Speed up the time to get a Nodepool instances to achieve READY state
Open, LowPublic

Description

When Nodepool spawn an instances, it iterates till it can ssh to it as jenkins user and then executes a ready.sh script. From T112750#1645247 that takes roughly a minute:

Instance with id 47 creation log shows it took 31 seconds for labs to boot the instance and 30 seconds for it to be ssh reachable:

14:59:02,818 DEBUG nodepool.NodeLauncher: Launching node id: 47
14:59:02,823 INFO nodepool.NodeLauncher: Creating server with hostname ci-jessie-wikimedia-47.contintcloud.eqiad.wmflabs \
                                         in wmflabs-eqiad from image ci-jessie-wikimedia for node id: 47
14:59:33,801 DEBUG nodepool.ProviderManager: Status of server in wmflabs-eqiad 541abb35-062e-4637-b46e-2fd08f4961b7: ACTIVE
14:59:33,801 DEBUG nodepool.NodeLauncher: Node id: 47 testing ssh at ip: 10.68.19.205
15:00:04,271 INFO nodepool.NodeLauncher: Node id: 47 is ready

The ssh delay might be because the OpenSSH daemon starts late in the boot process.

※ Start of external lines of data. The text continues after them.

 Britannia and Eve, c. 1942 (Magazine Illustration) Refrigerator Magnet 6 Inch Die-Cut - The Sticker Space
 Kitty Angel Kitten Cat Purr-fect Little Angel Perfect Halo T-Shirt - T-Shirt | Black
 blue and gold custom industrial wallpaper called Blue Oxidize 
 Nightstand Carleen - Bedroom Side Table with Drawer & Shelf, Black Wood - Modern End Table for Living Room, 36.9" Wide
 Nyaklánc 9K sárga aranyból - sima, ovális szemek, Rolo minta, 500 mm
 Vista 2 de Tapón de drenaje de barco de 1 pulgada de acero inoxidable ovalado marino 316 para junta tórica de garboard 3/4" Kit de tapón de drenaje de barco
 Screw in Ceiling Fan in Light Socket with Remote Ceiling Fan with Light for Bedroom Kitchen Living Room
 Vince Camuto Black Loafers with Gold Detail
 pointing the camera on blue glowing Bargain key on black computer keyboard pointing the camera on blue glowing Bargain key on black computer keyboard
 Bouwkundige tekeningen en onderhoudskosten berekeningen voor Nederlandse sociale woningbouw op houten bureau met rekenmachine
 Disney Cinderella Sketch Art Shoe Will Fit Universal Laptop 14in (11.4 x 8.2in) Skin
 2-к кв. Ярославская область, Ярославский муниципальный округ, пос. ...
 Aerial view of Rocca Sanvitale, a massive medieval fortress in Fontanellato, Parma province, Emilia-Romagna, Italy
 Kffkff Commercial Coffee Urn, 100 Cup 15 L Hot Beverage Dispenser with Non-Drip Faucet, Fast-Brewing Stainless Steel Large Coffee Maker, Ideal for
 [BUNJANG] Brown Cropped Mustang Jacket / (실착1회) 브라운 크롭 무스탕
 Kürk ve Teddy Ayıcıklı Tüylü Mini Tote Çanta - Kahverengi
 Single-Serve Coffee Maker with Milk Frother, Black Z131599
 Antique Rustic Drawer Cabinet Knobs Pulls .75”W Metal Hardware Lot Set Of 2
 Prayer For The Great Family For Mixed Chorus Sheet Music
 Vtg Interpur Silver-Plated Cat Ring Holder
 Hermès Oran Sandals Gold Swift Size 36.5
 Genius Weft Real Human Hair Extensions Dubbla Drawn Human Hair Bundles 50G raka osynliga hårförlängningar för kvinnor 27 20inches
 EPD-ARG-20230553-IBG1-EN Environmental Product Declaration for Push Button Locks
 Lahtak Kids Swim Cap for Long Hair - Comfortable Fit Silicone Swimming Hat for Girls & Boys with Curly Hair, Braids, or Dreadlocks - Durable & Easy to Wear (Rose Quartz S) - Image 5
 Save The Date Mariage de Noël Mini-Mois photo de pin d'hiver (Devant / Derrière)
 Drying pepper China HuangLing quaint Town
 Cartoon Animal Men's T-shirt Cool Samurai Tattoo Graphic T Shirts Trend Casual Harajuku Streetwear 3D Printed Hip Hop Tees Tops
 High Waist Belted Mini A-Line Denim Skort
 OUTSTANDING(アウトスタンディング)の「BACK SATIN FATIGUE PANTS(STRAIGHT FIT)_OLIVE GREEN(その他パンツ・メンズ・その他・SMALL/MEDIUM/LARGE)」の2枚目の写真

Instance launch time on Grafana: https://grafana.wikimedia.org/dashboard/db/nodepool

hashar created this task.Sep 22 2015, 9:07 AM
hashar added a subscriber: hashar.
Restricted Application added a subscriber: Aklapper. · View Herald TranscriptSep 22 2015, 9:07 AM
hashar edited the task description. (Show Details)Nov 4 2016, 9:05 AM
hashar set Security to None.
hashar added a comment.EditedDec 1 2016, 1:20 PM
13:10:02,299 DEBUG nodepool.ProviderManager: Status of server in wmflabs-eqiad ce709ec4-a85c-4359-be5f-7ee2fb09a6d1: ACTIVE
13:10:02,299 DEBUG nodepool.NodeLauncher: Node id: 435953 is running, ip: 10.68.17.179, ipv6: None
13:10:02,299 DEBUG nodepool.NodeLauncher: Node id: 435953 testing ssh at ip: 10.68.17.179

33 seconds later...

13:10:35,810 INFO nodepool.NodeLauncher: Node id: 435953 is ready
13:10:35,814 DEBUG nodepool.NodeLauncher: Adding node id: 435953 to jenkins

The relevant code is in nodepool/nodepool.py method launchNode().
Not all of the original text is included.